In specific terms, both Islamic Studies and Christian Religious Studies as separate subjects have been reduced to be mere topics in a riotous subject called “Religion and National Values” at the three levels of basic education in the new curriculum being implemented. In the “wisdom” of our policy makers, “ignorance is bliss” and removing the two subjects from the curriculum is the panacea to the challenges the country is facing.

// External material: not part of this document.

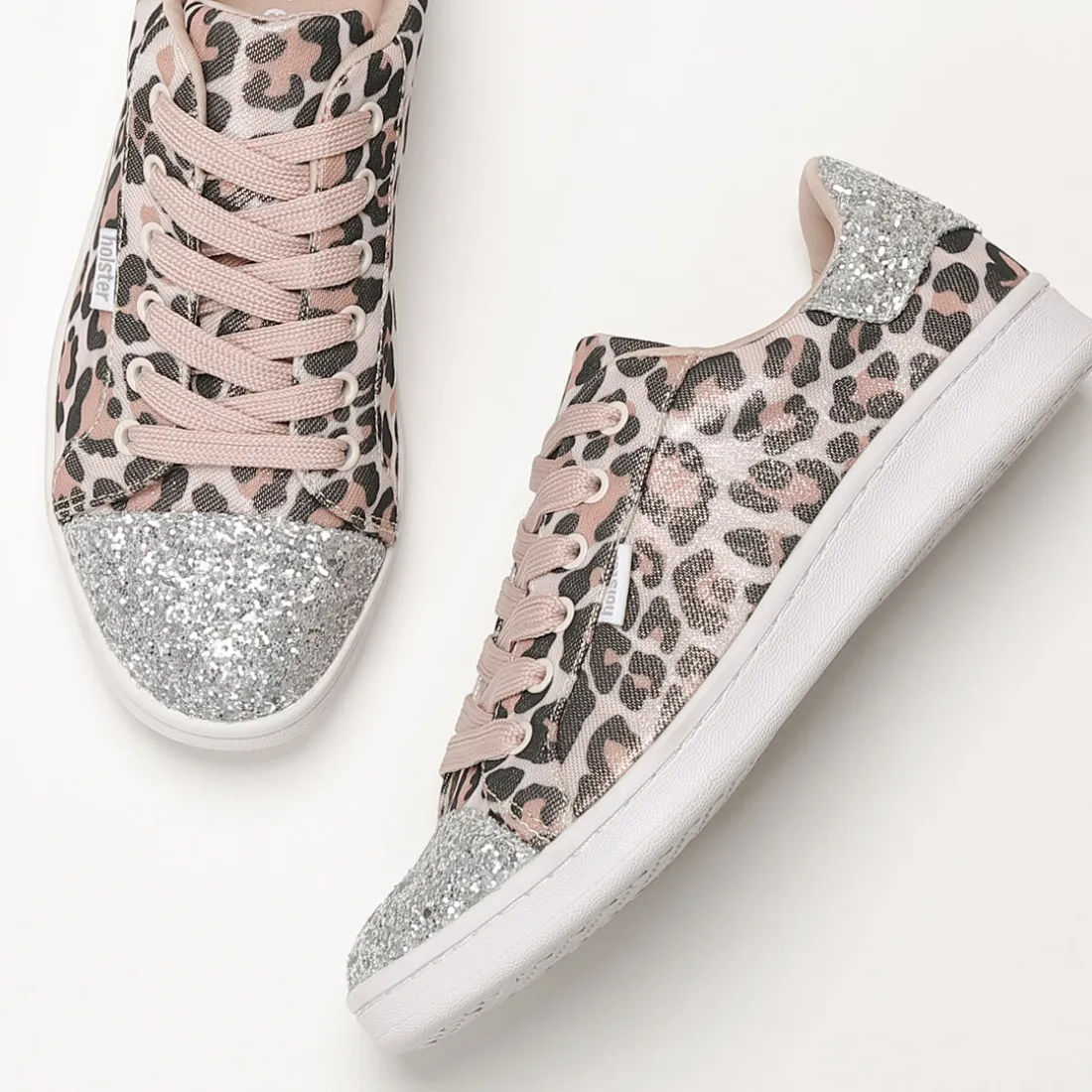 Canvas & Sneakers | Flats^holster StardustBundle- White/Leopard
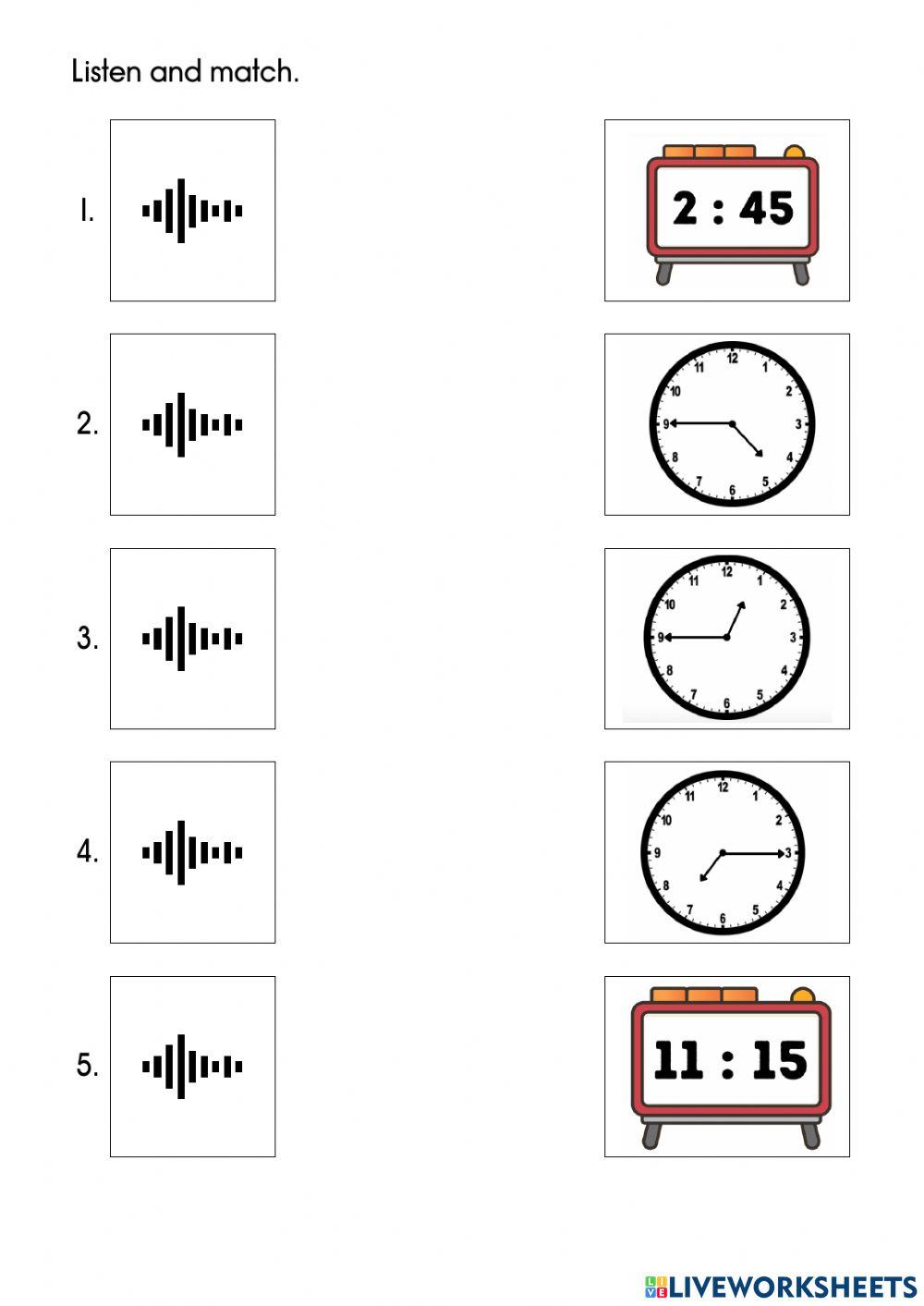 English Year 3-Time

But this is a time bomb and my take is that the policy should be reversed immediately by the Minister of Education, Mallam Adamu Adamu, through the appropriate procedure. If those who studied the two subjects are those who mislead Nigeria till we have a huge mess the current government is working hard to clear, what then happens to the generation that does not study the subjects? If the two religions are not studied formally in school, how will the young ones not be vulnerable to the antics of those who will indoctrinate them with poisonous interpretations since nature does not allow a vacuum?


There is another drama unfolding in the PDP House of Commotion. The drama involves part of the efforts to “rebrand” the party and give it a new lease of leadership. The former Governor of Borno State, Senator Ali Modu Sheriff, has resurrected from his political obituary to emerge the new Chairman of the party.

But all hell has been let loose as his (s)election has pitted PDP against PDP. There have been verbal missiles flying all around, especially from the intrepid Femi Fani-Kayode and the former Governor crowned party Chairman. The voices of dissent are rising in din.

The most embarrassing thing for Sheriff is that he realises that not all the perfume of Arabia can wash his hands clean of the Boko Haram insurgency. That the CNN ridicules him, PDP and Nigeria as the founder of Boko Haram really shows that he needs tact, not necessarily hard tactics.

Now that the new sheriff of the PDP is the same Modu Sheriff, it appears that PDP is still learning its ropes after the last loss sent it into some coma. To keep his job, the new sheriff in town need not fire his salvos from all directions issuing threats. He rather needs to tread softly.